La Chine, le Japon et l’Allemagne, les trois grands réservoirs d’épargne mondiale, se sont probablement retrouvés sur la sellette en tant que relais de croissance possible à l’échelle globale. Mais ces derniers ont sans doute argué en avoir fait assez, ayant pris soin d’annoncer au préalable des plans de relance budgétaire au niveau domestique (15,7 Mds USD en Allemagne, 168 M USD au Japon et plus de 586 Mds USD pour la Chine seule). La balle s’est ainsi retrouvée dans le camp américain, les Etats-Unis étant accusés de vivre depuis trop longtemps au-dessus de leurs moyens.

La réunion du G20 n’a donc pas été décisive de ce point de vue, les déclarations d’intention se bornant à mettre en avant des initiatives qui existent déjà ou qui auraient vu le jour, même en l’absence de toute concertation.

… Et un programme de réflexion

Si les priorités économiques immédiates ont été au menu des discussions, le principal sujet de la réunion a été consacré à la réforme du capitalisme mondial.

Là encore, les avancées sont loin d’être concluantes. L’absence de Barack Obama a sans doute pesé dans les débats et la déclaration finale se limite à de grands principaux généraux, reprenant tout ou partie des axes de réflexion avancés par le camp européen avec au menu : harmonisation des normes comptables, amélioration de la transparence des marchés et des produits dérivés, renforcement des pratiques réglementaires, de la surveillance (notamment pour les agences de notation) et refonte des instances de gouvernance supranationales.

Néanmoins, on peut adresser un satisfecit au G20 sur trois points. Il était d’abord important de relancer le processus de Doha à l’heure où les tentations protectionnistes risquent de renaître.
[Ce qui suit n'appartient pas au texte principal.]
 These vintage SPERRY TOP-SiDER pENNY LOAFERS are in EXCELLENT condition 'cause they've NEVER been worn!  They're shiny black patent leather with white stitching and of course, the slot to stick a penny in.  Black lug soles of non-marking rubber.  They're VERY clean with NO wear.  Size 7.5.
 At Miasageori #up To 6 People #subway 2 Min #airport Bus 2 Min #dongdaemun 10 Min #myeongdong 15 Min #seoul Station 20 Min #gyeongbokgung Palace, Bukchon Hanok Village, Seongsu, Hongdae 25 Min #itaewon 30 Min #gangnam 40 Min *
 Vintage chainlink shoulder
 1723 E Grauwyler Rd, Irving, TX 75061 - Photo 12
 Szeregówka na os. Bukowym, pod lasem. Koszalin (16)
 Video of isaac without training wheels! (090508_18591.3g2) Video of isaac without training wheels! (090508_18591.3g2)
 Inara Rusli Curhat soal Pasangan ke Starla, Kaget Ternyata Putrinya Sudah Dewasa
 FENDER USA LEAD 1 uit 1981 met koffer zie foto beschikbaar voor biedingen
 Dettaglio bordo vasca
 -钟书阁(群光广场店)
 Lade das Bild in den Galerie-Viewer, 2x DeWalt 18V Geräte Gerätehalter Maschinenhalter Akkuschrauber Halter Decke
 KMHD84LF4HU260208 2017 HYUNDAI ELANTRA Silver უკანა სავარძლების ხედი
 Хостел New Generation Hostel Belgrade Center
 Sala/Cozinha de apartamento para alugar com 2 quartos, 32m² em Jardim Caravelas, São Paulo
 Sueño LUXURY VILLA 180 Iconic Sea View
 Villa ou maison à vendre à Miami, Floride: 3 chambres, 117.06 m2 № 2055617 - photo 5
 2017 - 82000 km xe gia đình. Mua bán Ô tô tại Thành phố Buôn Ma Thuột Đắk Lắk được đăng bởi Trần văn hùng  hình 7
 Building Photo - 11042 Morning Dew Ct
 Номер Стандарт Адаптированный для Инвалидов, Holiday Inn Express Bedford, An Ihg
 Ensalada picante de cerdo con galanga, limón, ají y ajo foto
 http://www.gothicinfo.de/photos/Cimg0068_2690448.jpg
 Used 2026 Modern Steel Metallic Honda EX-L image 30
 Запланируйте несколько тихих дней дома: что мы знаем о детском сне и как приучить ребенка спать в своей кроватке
Ensuite, la présence des grandes puissances émergentes est une première et traduit bien la recomposition du village global selon un axe multilatéral. Enfin, si on ne pouvait escompter réformer le Système Monétaire International en un jour, il était essentiel que le sommet du G20 s’accorde sur un agenda précis pour mener à bien ce travail de réflexion.

C’est chose faite avec un nouveau rendez-vous en avril. Les intentions sont bonnes, il s’agit maintenant de mettre à profit ces quatre mois de réflexion, avant de passer à l’action !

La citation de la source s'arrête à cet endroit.